Em vigor há pouco mais de dois anos, a lei "Nacer com Cariño" (Nascer com Carinho) tem alterado o cenário obstétrico de El Salvador, na América Central. Criada em agosto de 2021 pela primeira-dama do país, a psicóloga e educadora perinatal Gabriela de Bukele, a lei melhorou o atendimento de gestantes durante o pré-natal, parto e pós-parto.
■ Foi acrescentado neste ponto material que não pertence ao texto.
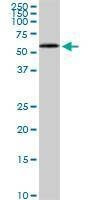 Anti-HDAC1 Antibody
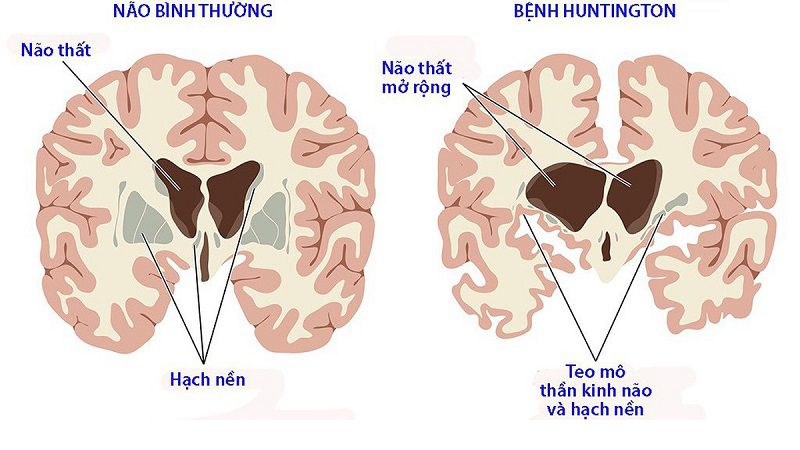 Bệnh lý Hungtington
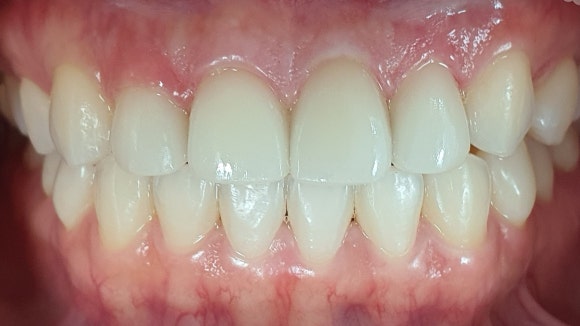 강서구라미네이트 실패하기 싫다면 꼭 읽어봐야 할 글 관련 이미지 4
No país onde nascem 70 mil bebês a cada ano, a redução da mortalidade neonatal já chegou a quase 50%. Segundo o Ministério da Saúde do país, o índice passou de 62,8 mortes a cada 100 mil nascidos vivos em 2021 para 34,5 mortes a cada 100 mil nascidos vivos em 2022.
A manobra de Kristeller (que empurra a barriga durante o parto), por exemplo, foi totalmente proibida e houve uma redução de 19,1% em 2021 para 8,6% até setembro de 2023 no número de episiotomias (corte entre o ânus e o períneo) realizadas no país.
As parturientes passaram a ter direito a um acompanhante, livre movimentação e a possibilidade de se alimentar e hidratar durante o nascimento dos filhos. Todas chegam bem informadas ao parto, e consequentemente, mais seguras. Isso também já refletiu na queda no número de cesáreas realizadas no país. Em 2021, o índice era de 22,3% e em 2022 caiu para 21,6%.
Todas essas mudanças estão retratadas no documentário "Todos Nascemos", de Eduardo Chauvet, que será lançado nesta quinta-feira (16), em São Paulo.
O diretor e roteirista da trilogia "Renascimento do Parto" traz agora relatos de profissionais de saúde e famílias que viveram experiências antes e depois da implementação dessa lei no país. Para isso, ele acompanhou diversos partos hospitalares em El Salvador durante todo o mês de fevereiro de 2023.
"Não precisamos investir milhões para humanizar os partos. Em El Salvador não fizeram nada de extraordinário. As mudanças vieram de ações simples, baseadas em evidência científica. É o invadir menos, agredir menos", pontua o cineasta.
"Muitos dizem que uma lei quando vem de cima pra baixo não funciona, mas lá houve uma conscientização e capacitação de todos os profissionais envolvidos. A adesão ocorreu de forma horizontal, com a presença de gestores de mudança", explica.
NASCER COM CARINHO
A lei assegura às mulheres um ambiente íntimo, descontraído e seguro para o parto, onde haja aconchego e a presença de um acompanhante em todo o tempo. As mulheres têm liberdade de movimentos e podem escolher a posição mais confortável durante o trabalho de parto. Além disso, podem consumir líquidos e alimentos para se manterem hidratadas e com energia.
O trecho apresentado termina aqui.